### THE TASK
When the line containing "Arctic Tern (Sterna" appears in the data below, begin copying there and stop only after the line containing "Monkey Jungle Miami Florida Postcard".

┌─ MATERIAL PROVIDED

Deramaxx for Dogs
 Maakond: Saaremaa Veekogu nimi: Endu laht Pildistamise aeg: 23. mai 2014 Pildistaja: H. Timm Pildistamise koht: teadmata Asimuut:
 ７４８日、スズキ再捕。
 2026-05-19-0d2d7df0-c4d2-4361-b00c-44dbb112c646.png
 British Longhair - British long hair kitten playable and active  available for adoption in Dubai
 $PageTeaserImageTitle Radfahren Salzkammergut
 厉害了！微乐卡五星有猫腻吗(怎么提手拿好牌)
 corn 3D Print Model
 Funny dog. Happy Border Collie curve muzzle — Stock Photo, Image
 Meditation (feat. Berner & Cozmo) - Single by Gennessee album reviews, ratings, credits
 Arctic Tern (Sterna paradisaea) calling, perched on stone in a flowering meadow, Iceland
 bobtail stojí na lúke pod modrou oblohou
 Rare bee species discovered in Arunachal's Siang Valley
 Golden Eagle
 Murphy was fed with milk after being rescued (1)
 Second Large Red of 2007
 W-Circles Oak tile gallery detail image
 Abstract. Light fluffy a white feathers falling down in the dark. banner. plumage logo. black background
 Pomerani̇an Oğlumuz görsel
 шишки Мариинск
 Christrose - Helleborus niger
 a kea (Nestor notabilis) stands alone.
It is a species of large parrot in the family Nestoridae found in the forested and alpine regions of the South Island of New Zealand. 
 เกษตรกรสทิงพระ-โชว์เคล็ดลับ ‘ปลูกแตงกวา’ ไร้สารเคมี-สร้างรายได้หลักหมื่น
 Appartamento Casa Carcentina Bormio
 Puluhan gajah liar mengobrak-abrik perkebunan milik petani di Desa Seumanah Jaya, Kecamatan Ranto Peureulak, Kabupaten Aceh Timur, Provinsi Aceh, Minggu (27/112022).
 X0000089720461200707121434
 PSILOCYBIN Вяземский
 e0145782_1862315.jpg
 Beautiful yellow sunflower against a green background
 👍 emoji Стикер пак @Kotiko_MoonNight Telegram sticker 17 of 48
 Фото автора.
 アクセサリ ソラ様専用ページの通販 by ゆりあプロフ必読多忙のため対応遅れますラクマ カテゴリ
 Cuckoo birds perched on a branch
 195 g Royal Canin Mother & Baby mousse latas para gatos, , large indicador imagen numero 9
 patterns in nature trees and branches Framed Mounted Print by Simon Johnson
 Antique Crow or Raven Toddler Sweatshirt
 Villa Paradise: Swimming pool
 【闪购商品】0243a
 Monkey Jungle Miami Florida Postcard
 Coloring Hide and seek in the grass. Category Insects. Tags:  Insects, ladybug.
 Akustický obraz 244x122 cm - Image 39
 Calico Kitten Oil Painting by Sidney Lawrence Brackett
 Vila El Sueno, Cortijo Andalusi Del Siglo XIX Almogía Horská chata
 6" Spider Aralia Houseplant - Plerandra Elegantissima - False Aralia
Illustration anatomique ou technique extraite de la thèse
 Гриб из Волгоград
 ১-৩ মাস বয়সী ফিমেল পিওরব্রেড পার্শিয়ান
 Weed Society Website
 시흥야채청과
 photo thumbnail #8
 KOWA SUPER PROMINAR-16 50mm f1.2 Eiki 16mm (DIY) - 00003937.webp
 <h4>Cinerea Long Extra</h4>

└─

### WRITTEN REPLY
 Arctic Tern (Sterna paradisaea) calling, perched on stone in a flowering meadow, Iceland
 bobtail stojí na lúke pod modrou oblohou
 Rare bee species discovered in Arunachal's Siang Valley
 Golden Eagle
 Murphy was fed with milk after being rescued (1)
 Second Large Red of 2007
 W-Circles Oak tile gallery detail image
 Abstract. Light fluffy a white feathers falling down in the dark. banner. plumage logo. black background
 Pomerani̇an Oğlumuz görsel
 шишки Мариинск
 Christrose - Helleborus niger
 a kea (Nestor notabilis) stands alone.
It is a species of large parrot in the family Nestoridae found in the forested and alpine regions of the South Island of New Zealand. 
 เกษตรกรสทิงพระ-โชว์เคล็ดลับ ‘ปลูกแตงกวา’ ไร้สารเคมี-สร้างรายได้หลักหมื่น
 Appartamento Casa Carcentina Bormio
 Puluhan gajah liar mengobrak-abrik perkebunan milik petani di Desa Seumanah Jaya, Kecamatan Ranto Peureulak, Kabupaten Aceh Timur, Provinsi Aceh, Minggu (27/112022).
 X0000089720461200707121434
 PSILOCYBIN Вяземский
 e0145782_1862315.jpg
 Beautiful yellow sunflower against a green background
 👍 emoji Стикер пак @Kotiko_MoonNight Telegram sticker 17 of 48
 Фото автора.
 アクセサリ ソラ様専用ページの通販 by ゆりあプロフ必読多忙のため対応遅れますラクマ カテゴリ
 Cuckoo birds perched on a branch
 195 g Royal Canin Mother & Baby mousse latas para gatos, , large indicador imagen numero 9
 patterns in nature trees and branches Framed Mounted Print by Simon Johnson
 Antique Crow or Raven Toddler Sweatshirt
 Villa Paradise: Swimming pool
 【闪购商品】0243a
 Monkey Jungle Miami Florida Postcard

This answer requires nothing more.